Sortie d’incarcération :
Il est prévu qu’avant toute libération ou cessation même temporaire d’incarcération de l’auteur présumé ou condamné, la victime en soit avisée par l’autorité judiciaire laquelle appréciera l’opportunité de prononcer une interdiction de contact ou de paraître dans certains lieux ou de mettre en place un dispositif de téléprotection (Article D. 1-11-2 du Code de procédure pénale).

Maintien de la surveillance :
Le condamné à une peine d’emprisonnement ferme ou de détention à domicile sous surveillance électronique (DDSE) voit ses obligations de l’assignation à résidence sous surveillance électronique, sous surveillance électronique mobile ou d’un bracelet anti-rapprochement, se poursuivre jusqu’à ce qu’il soit incarcéré ou que la peine soit effective ou aménagée (D 32-25-1 CPP).

Maintien des interdictions :
En cas d’incarcération, les interdictions de contact ou de paraître prononcées, demeurent applicables pendant le temps où l’intéressé est incarcéré (D 49-86 CPP).

III. Les dispositifs de téléprotection.

Le téléphone grave danger ou TGD.
Loi 4 août 2014, article 41-3-1 du Code de procédure pénale.

Ce dispositif spécifique permet à la victime en situation de danger d’alerter immédiatement les services de police et de générer une intervention en urgence avec un accompagnement renforcé et global de la victime (psychologique, juridique et social).
Il est délivré dans les situations les plus graves et sous les conditions suivantes : qu’il y ait une absence de cohabitation avec l’auteur des faits, que ce dernier ait fait l’objet d’une mesure d’interdiction d’entrer en contact avec la victime, et que celle-ci consente à la mesure.

Le rôle des associations de victimes est là aussi important dans la mesure où elles interviennent souvent en complémentarité pour fournir aux services compétents, une évaluation précise de la situation de la victime, et ce, avant l’attribution du dispositif.

Le bracelet anti-rapprochement ou BAR.
Loi 28 décembre 2019 et décret du 23 septembre 2020.

Ce dispositif a pour objet de tenir à distance les victimes et les conjoints ou ex-conjoints violents.
L’auteur des violences est géolocalisé et un système d’alerte est déclenché lorsqu’il s’approche de la victime au-delà d’un périmètre fixé par le Juge.
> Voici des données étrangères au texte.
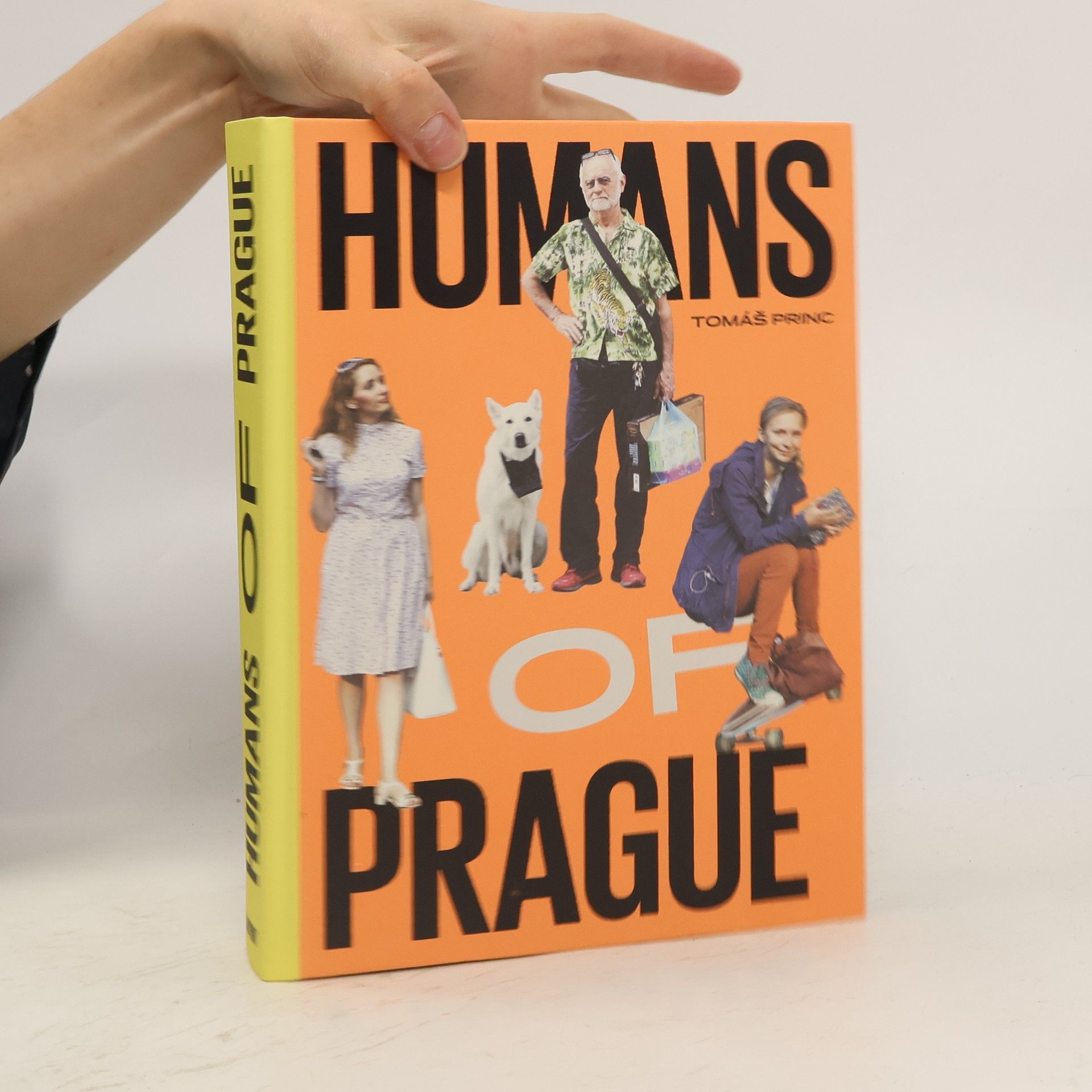 Tomáš Princ Humans of Prague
Dans ce cas, l’auteur est contacté par un service de télé-assistance et s’il n’obtempère pas ou ne répond pas, les services d’ordre interviennent.
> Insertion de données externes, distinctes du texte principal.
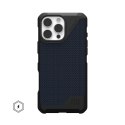 Etui UAG Urban Armor Gear Metropolis LT MagSafe do telefonu Apple iPhone 16 Pro Max | Krzyżówka kevlarowa (niebieska)
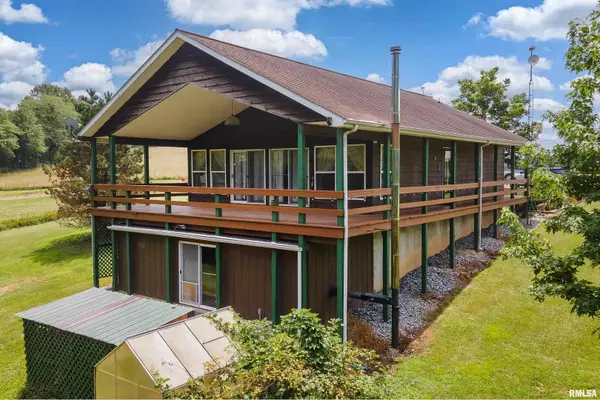 5341 N Lick Creek Road, Carbondale, IL 62902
La décision d’octroyer le bracelet peut être prise dans le cadre d’une procédure pénale (par le juge d’instruction, le juge des libertés et de la détention ou après le jugement de condamnation dans le cadre d’un aménagement de peine) ou civile par le Juge aux affaires familiales.
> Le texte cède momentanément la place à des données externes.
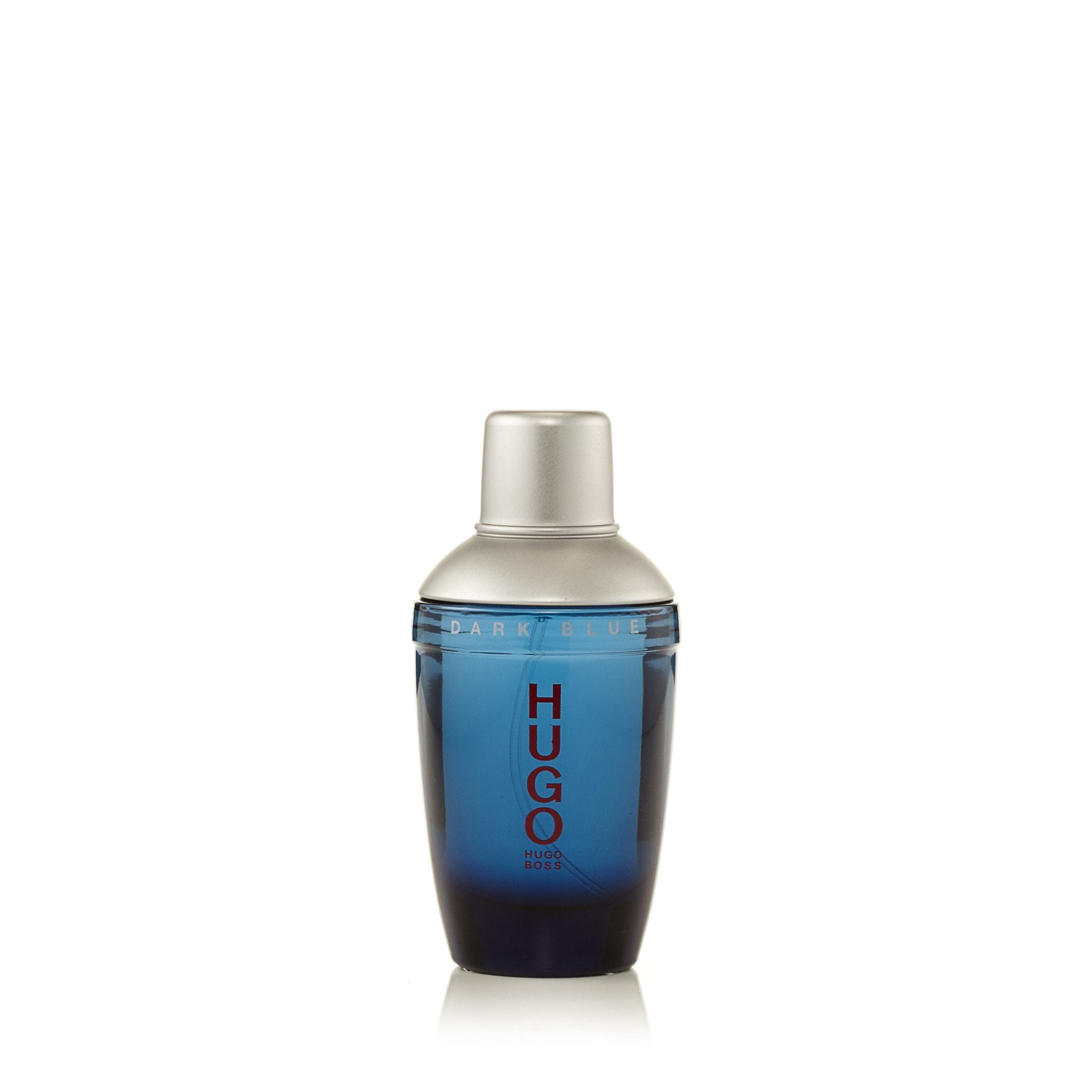 Dark blue hugo boss aftershave Clearance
Le décret du 24 décembre 2021 susvisé (D 51 CPP) précise que l’obligation de porter un bracelet anti-rapprochement est levée durant le temps de l’incarcération mais la pose du bracelet doit de nouveau intervenir au moment de la libération de la personne détenue ou de sa sortie de l’établissement pénitentiaire sans surveillance, notamment en cas de permission de sortir.
Enfin, l’article D 49-41 modifié du CPP prévoit que le Président de la Chambre d’application des peines, saisi en appel, peut saisir le service d’insertion et de probation pour actualiser, en cas de besoin, le dossier individuel du condamné afin de prendre les mesures les plus adaptées à la situation et notamment prononcer une mesure de bracelet anti-rapprochement.